» Supplied material

**********

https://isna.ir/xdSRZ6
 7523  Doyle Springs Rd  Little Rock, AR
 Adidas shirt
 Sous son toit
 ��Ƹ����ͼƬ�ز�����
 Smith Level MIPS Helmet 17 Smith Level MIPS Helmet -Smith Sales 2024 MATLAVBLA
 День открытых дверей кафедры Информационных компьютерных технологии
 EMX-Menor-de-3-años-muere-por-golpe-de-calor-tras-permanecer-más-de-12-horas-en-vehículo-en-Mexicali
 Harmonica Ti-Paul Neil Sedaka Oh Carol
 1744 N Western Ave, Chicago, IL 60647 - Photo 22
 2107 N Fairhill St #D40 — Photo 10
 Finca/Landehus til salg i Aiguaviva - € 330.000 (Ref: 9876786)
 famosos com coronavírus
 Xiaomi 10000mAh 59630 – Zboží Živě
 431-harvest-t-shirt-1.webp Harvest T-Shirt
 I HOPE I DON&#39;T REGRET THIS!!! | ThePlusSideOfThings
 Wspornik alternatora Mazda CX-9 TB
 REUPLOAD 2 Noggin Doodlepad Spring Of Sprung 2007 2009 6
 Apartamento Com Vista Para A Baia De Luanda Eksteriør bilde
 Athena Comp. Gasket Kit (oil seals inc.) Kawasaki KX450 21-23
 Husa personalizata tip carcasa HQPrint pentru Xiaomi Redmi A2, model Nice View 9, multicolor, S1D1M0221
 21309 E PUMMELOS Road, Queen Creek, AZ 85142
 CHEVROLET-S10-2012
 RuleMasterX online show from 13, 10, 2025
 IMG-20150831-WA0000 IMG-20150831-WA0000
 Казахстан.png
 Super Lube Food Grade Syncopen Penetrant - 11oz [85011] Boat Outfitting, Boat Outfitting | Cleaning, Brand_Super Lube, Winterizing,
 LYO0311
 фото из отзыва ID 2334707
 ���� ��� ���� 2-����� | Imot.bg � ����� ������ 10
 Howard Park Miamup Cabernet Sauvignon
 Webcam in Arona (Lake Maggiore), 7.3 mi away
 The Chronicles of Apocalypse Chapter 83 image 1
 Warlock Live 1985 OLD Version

**********

» What you have to do
In the answer, restate word for word each line from the one with "Казахстан.png" through the end of the material above.

» Output
 Казахстан.png
 Super Lube Food Grade Syncopen Penetrant - 11oz [85011] Boat Outfitting, Boat Outfitting | Cleaning, Brand_Super Lube, Winterizing,
 LYO0311
 фото из отзыва ID 2334707
 ���� ��� ���� 2-����� | Imot.bg � ����� ������ 10
 Howard Park Miamup Cabernet Sauvignon
 Webcam in Arona (Lake Maggiore), 7.3 mi away
 The Chronicles of Apocalypse Chapter 83 image 1
 Warlock Live 1985 OLD Version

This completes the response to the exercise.